Underworld: Evolution Movie Review
Beginning for beginners with a flashback to 1202 A.D. where two siblings - Marcus (Tony Curran), the original vampire, and William (Brian Steele), the first Lycan - are battling each other in a frosty village, the film does much to quickly remind us of its vampirical mythology. Marcus is betrayed by Viktor (Bill Nighy), stored away in the vaults of the family mansion, and William is trapped in a steel coffin for all of eternity. The twins are separated. With this effective piece of prehistory portrayed with some pizzazz and a lot of furrow-browed earnestness, director Len Wiseman treats us then to a series of flashbacks from the original film. Selene (Kate Beckinsale) has killed Viktor and his blood has revived a hybrid Marcus, now with wings. What he wants, and the very nature of his resurrection, are muddily explained in a film whose plot is too convoluted to be enjoyed, but whose occasional sparks of light work hard to make it float.
It is almost redundant to accuse Underworld: Evolution of being an unoriginal mishmash of The Matrix, Blade, and certainly Night Watch, but nonetheless this is definitely the case. Yet for what it is, and for where it fits in the pantheon of great or not-so-great sexy vampire movies, it is perfectly agreeable. It is not good, but it does have its moments.
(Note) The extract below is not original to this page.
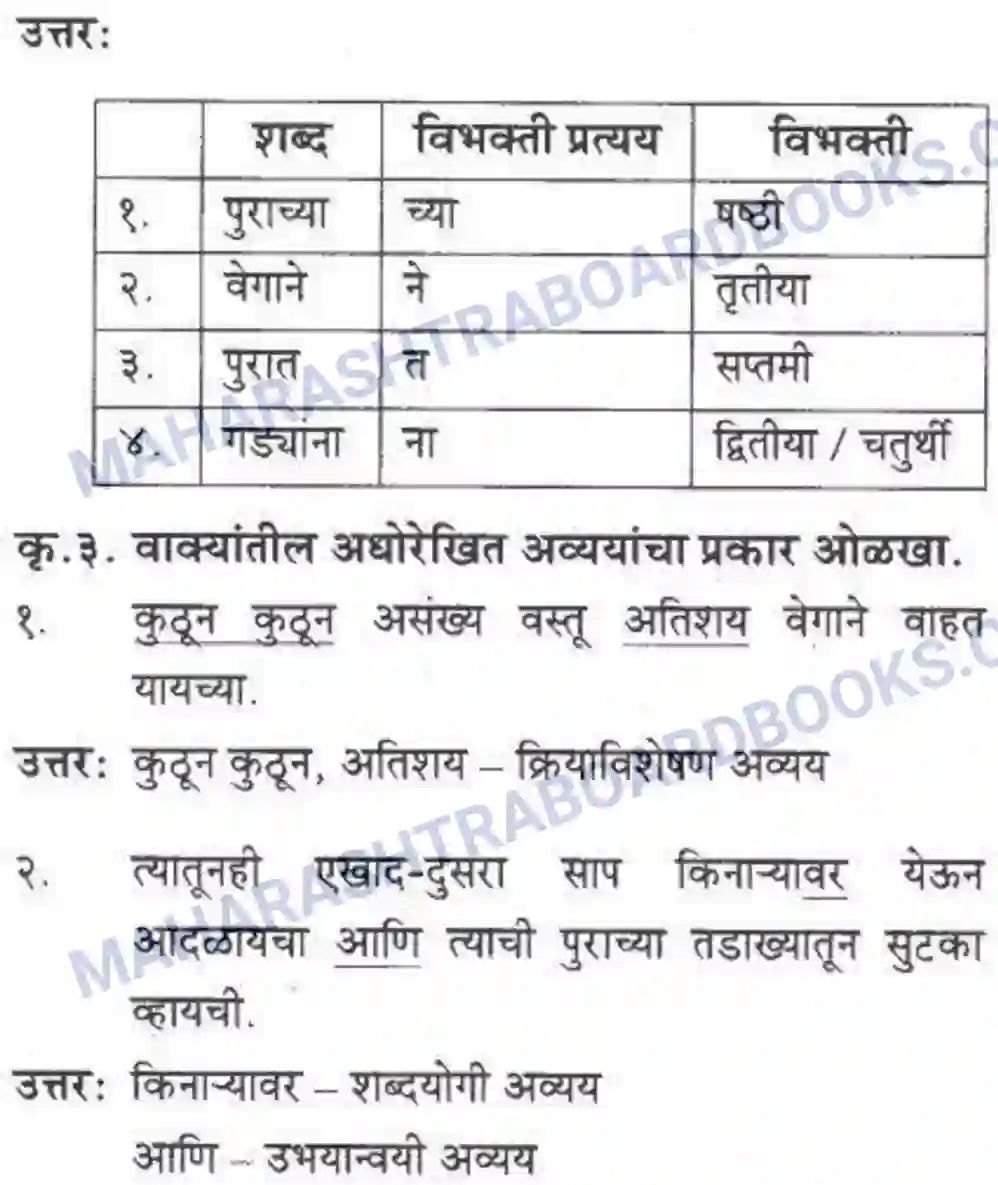 Maharashtra Board Solution Class-10 कुमारभारती पाठ फिरवणारा पाऊस - गद्य -विभाग Image 16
Some of the set pieces are truly impressive; Marcus's winged attack on Selene and Michael's (Scott Speedman) truck is exciting stuff, and the look of the film is admittedly interesting and consistent with the original. Performances are OK, too. As Selene, Beckinsale might be onto something with her bright blue contacts and emotionless Britishness. I don't know if it's acting, but there is a certain charisma in it. Speedman is serviceable, as workmanlike as one expects, but his character is unneeded in a film that barely acknowledges his existence. Michael is a plot device, there to die, be resuscitated, and save the day, oh, and of course make for some nice soft-focus lovemaking. During all of this, stage actor Derek Jacobi lends an unnecessary air of dignity to the affair, an air that is in fact the film's greatest failing.
With its confused octopus plotting and copious splatterings of blood, a little levity would not have gone astray. Alas, Wiseman and writer Danny McBride have created a film that is entirely humorless. Where is Buffy when you need her? Whether or not this film is better than the original Underworld is as moot a point as this review: It would be like comparing apples with apples -- from the same orchard. The only difference is the setting; if the 2003 movie was a city mouse, this is perhaps a country mouse. If you liked staying with the city mouse, you will probably enjoy these more rural settings. For me, Underworld: Evolution may not be a new breed of woe, but it's hard to drum up the enthusiasm to call it anything more than a hybrid of unnecessary and average.
I always bathe with my latex bodysuit and my shotgun, too.